First of all I use strictly UBO since the rendering API must be compatible with DX10/DX11. For all dynamic uniforms (those who are updated every frame, and there is a lot of them) I create one large shared UBO (actually two since it’s double buffered for performance reasons) and then use glBufferSubData to update a specific range on there.

Everything is std140, again for compatibility and to reduce dependencies between code and shaders.


glBufferSubData(GL_UNIFORM_BUFFER, MapOffset, MapLength, 0x0);
glBufferSubData(GL_UNIFORM_BUFFER, MapOffset, MapLength, pData);

Makes sense. However, for each instance rendered, it’s going to require some kind of index into the global array of MTW matrices, right? How is that index (per-object) supposed to be set? Somehow, somewhere, there’s going to need to be a per-object update of constant data - whether that be an index into a global array of MTW matrices or its actual MTW matrix.

And Sunray, like you I’m trying to maintain some feature parity because this is an abstracted renderer built on top of DX10 and OpenGL. The DX10 HLSLWihtoutFX10 example clearly implies that it’s okay to operate with multiple constant buffer updates per frame. Maybe the example isn’t that great and it breaks down in real world usage scenarios?

I just wanted to follow up here. Instead of mapping/unmapping, I’m now calling glBufferData with a pointer to the constant data instead of NULL. This is apparently extremely fast. This is handling several hundred objects with ease, in ~0.2 ms.

It seems to me that glMappBufferRange with GL_MAP_INVALIDATE_BUFFER_BIT followed by a memcpy into the mapped memory should be the same in terms of performance. However, it’s not. Furthermore, the way the docs read, it seems as though glMapBufferrange is intended to be used the same way DirectX’s buffers are used with either the discard or no overwrite flags.

How is that index (per-object) supposed to be set?

That’s up to you. You define the concept of an “Object”, so within that concept must be a reference to where this object’s per-instance data in the large buffer is stored.

This offset is not part of the uniform data; it is part of how you bind the uniform data. It’s one of the parameters to glBindBufferRange.

It seems to me that glMappBufferRange with GL_MAP_INVALIDATE_BUFFER_BIT followed by a memcpy into the mapped memory should be the same in terms of performance. However, it’s not.

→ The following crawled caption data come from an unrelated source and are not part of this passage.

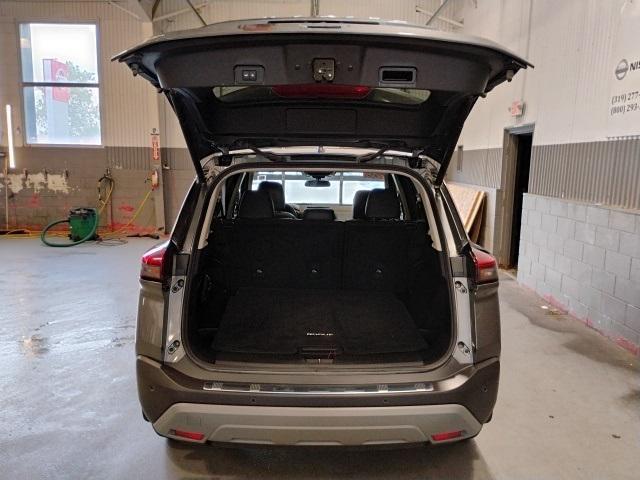 used 2023 Nissan Rogue car, priced at $24,995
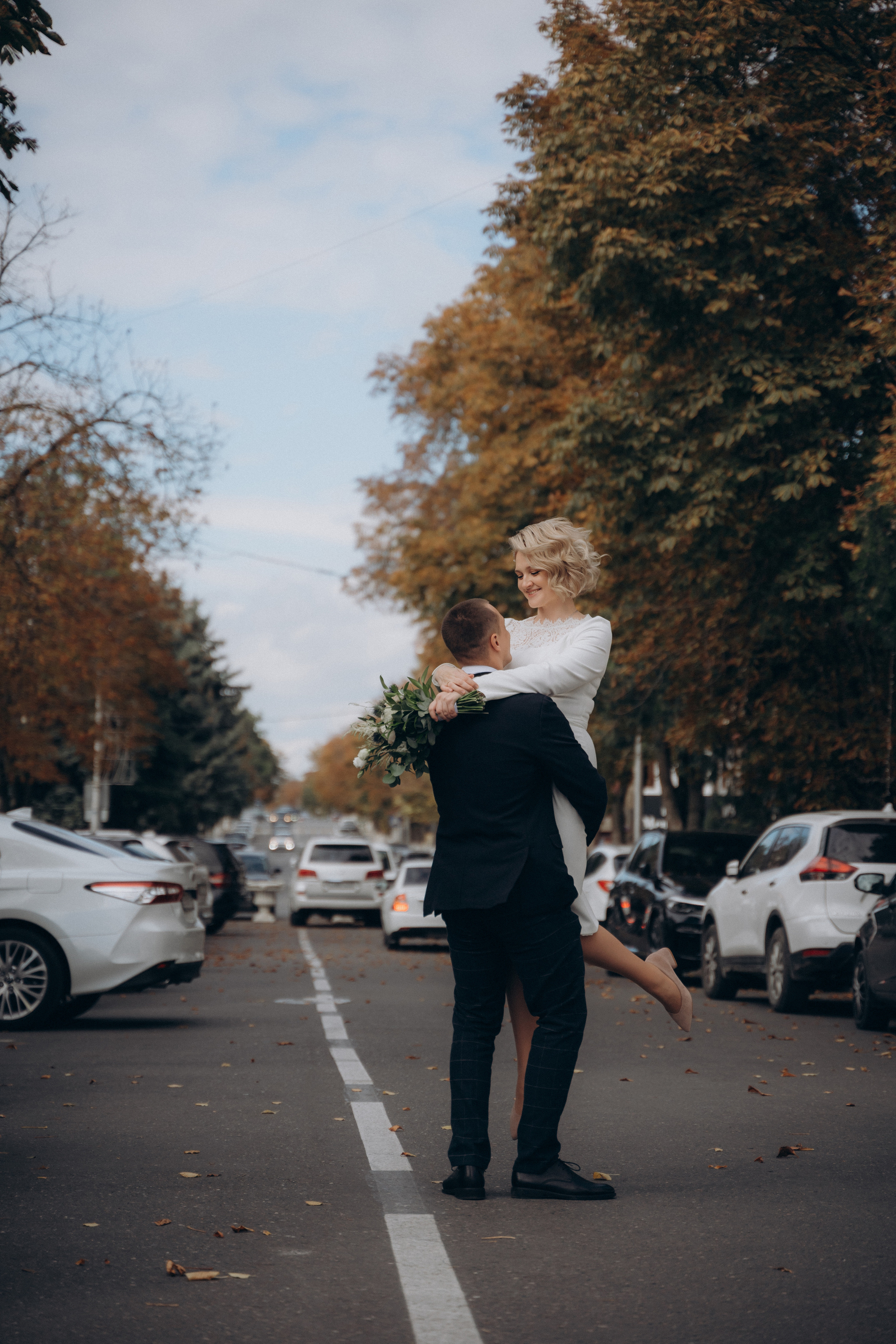 Даниил и Мария. Свадебный и семейный фотограф Екатерина Коробова г. Моздок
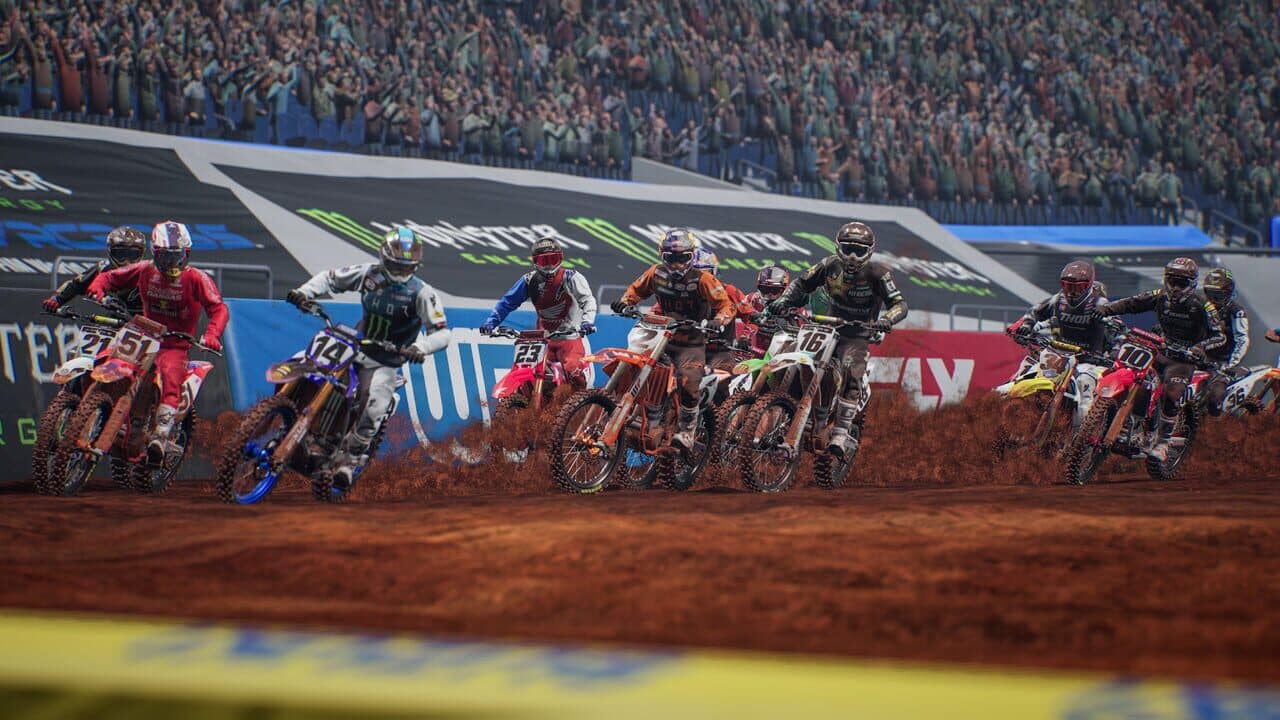 Monster Energy Supercross: The Official Videogame 5 thumbnail 9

Furthermore, the way the docs read, it seems as though glMapBufferrange is intended to be used the same way DirectX’s buffers are used with either the discard or no overwrite flags.

Or, it’s just ATI :wink:

glMapBufferRange is still “new”, despite being available for 1.5 years. I imagine, with the relative scarcity of new OpenGL games on Windows that they have not had a need to optimize glMapBufferRange.

There is no reason for glBufferData(NULL) to be any slower than glMapBufferRange with invalidate. And on NVIDIA drivers, it isn’t. I guess ATI hasn’t gotten around to optimizing this call.